Do you think you’ve lost some plants this winter? For whatever reason, either weather or neglect, some of our plants won’t make it to 2016. Think of it as an opportunity to plant something new, something you’ve maybe never tried growing before. Bare Root Season will be upon us very soon. It’s much cheaper to buy “bare root” plants than potted plants. Roses, especially, are, in my opinion, best purchased as bare root plants because you’ll have so many more choices. Many years ago Mr. P and I were introduced to a charming man by our neighbor and friend, Phyllis Wattis. The two of them were working on a philanthropic project, but Phyllis, knowing my interest in roses, explained that her friend knew a lot about roses. His name was Rayford Reddell and was a well-known “rosarian” in northern California. Should you plant new roses this year, try this unique feeding schedule; it’s great!

March/April

1st Week: Scatter 1/3 cup of Sulfate of Ammonia along the drip line of the rose plant and water well.
3rd Week: Scatter 3/4 cup Epsom salts around the rose and water well.

May/June

1st Week: Scatter 1/2 cup of balanced granular fertilizer (Look for 10-10-10, 15-15-15, or 20-20-20 on the label) per bush and water well.
3rd Week: Scatter 1/2 cup Epsom salts per bush and water well.

July/August

1st Week: Scatter balanced fertilizer as above.
3rd Week: Mix 2 Tablespoons of Fish Emulsion per gallon of water and pour 2 gallons on each bush.

September/October

1st Week: Scatter a granular fertilizer (0-10-10) and water well.

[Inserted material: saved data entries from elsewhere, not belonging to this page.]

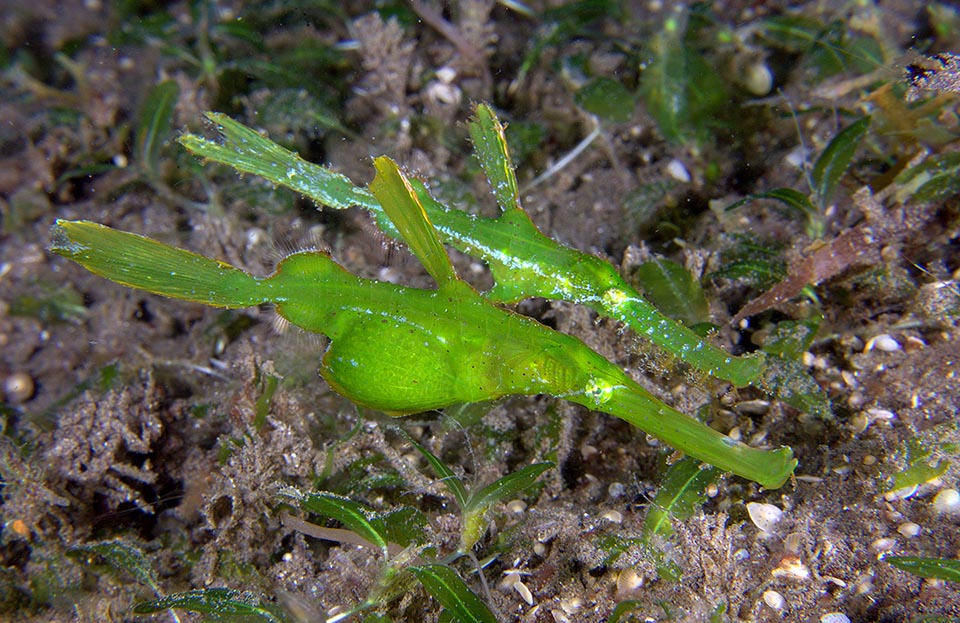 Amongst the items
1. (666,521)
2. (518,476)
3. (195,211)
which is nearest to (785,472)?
(666,521)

This will encourage no new growth but continue blooms and will harden the wood for winter.
3rd Week: Apply Fish Emulsion at the same rate as in July/August.

No fertilizer after Halloween! If your roses still seem hungry, in spite of this hefty diet, fertilize to your heart’s content with additional shots of Fish Emulsion, which is not only thoroughly organic, but also incapable of burning plants.